START RECORDS FOR THIS EXERCISE
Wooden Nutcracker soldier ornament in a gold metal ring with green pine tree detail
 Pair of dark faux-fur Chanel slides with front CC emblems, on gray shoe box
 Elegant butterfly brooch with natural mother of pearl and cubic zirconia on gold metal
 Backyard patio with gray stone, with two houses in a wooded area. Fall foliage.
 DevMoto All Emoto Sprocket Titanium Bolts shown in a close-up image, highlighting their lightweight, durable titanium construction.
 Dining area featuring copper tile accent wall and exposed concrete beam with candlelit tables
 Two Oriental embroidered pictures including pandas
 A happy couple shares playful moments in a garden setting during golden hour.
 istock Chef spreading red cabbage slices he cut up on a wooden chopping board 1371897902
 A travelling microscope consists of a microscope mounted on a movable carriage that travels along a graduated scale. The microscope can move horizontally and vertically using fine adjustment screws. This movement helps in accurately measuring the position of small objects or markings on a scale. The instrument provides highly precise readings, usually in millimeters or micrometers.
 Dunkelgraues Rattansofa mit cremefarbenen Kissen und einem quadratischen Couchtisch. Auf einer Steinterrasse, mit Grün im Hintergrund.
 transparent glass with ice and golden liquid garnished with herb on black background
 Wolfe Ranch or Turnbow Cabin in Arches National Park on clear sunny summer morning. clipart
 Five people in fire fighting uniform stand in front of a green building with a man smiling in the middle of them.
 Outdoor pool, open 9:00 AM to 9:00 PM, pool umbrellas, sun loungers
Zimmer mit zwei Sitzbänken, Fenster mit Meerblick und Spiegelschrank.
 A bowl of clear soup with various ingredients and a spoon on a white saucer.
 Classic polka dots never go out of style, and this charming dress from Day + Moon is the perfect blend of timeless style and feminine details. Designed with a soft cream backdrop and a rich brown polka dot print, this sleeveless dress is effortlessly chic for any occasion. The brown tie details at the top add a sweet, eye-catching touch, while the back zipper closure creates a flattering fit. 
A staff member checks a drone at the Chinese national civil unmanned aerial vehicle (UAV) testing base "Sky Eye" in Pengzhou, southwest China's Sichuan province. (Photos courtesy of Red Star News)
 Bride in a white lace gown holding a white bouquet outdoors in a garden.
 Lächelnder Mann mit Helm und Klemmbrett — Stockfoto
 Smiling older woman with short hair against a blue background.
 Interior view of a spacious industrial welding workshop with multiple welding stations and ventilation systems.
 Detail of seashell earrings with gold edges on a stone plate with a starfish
END RECORDS FOR THIS EXERCISE
__TRY IT__
In the data above, start at the line that has "DevMoto All Emoto", stop after the line that has "Bride in a white", and print every line in between exactly as it stands.

__COMPLETED TASK__
 DevMoto All Emoto Sprocket Titanium Bolts shown in a close-up image, highlighting their lightweight, durable titanium construction.
 Dining area featuring copper tile accent wall and exposed concrete beam with candlelit tables
 Two Oriental embroidered pictures including pandas
 A happy couple shares playful moments in a garden setting during golden hour.
 istock Chef spreading red cabbage slices he cut up on a wooden chopping board 1371897902
 A travelling microscope consists of a microscope mounted on a movable carriage that travels along a graduated scale. The microscope can move horizontally and vertically using fine adjustment screws. This movement helps in accurately measuring the position of small objects or markings on a scale. The instrument provides highly precise readings, usually in millimeters or micrometers.
 Dunkelgraues Rattansofa mit cremefarbenen Kissen und einem quadratischen Couchtisch. Auf einer Steinterrasse, mit Grün im Hintergrund.
 transparent glass with ice and golden liquid garnished with herb on black background
 Wolfe Ranch or Turnbow Cabin in Arches National Park on clear sunny summer morning. clipart
 Five people in fire fighting uniform stand in front of a green building with a man smiling in the middle of them.
 Outdoor pool, open 9:00 AM to 9:00 PM, pool umbrellas, sun loungers
Zimmer mit zwei Sitzbänken, Fenster mit Meerblick und Spiegelschrank.
 A bowl of clear soup with various ingredients and a spoon on a white saucer.
 Classic polka dots never go out of style, and this charming dress from Day + Moon is the perfect blend of timeless style and feminine details. Designed with a soft cream backdrop and a rich brown polka dot print, this sleeveless dress is effortlessly chic for any occasion. The brown tie details at the top add a sweet, eye-catching touch, while the back zipper closure creates a flattering fit. 
A staff member checks a drone at the Chinese national civil unmanned aerial vehicle (UAV) testing base "Sky Eye" in Pengzhou, southwest China's Sichuan province. (Photos courtesy of Red Star News)
 Bride in a white lace gown holding a white bouquet outdoors in a garden.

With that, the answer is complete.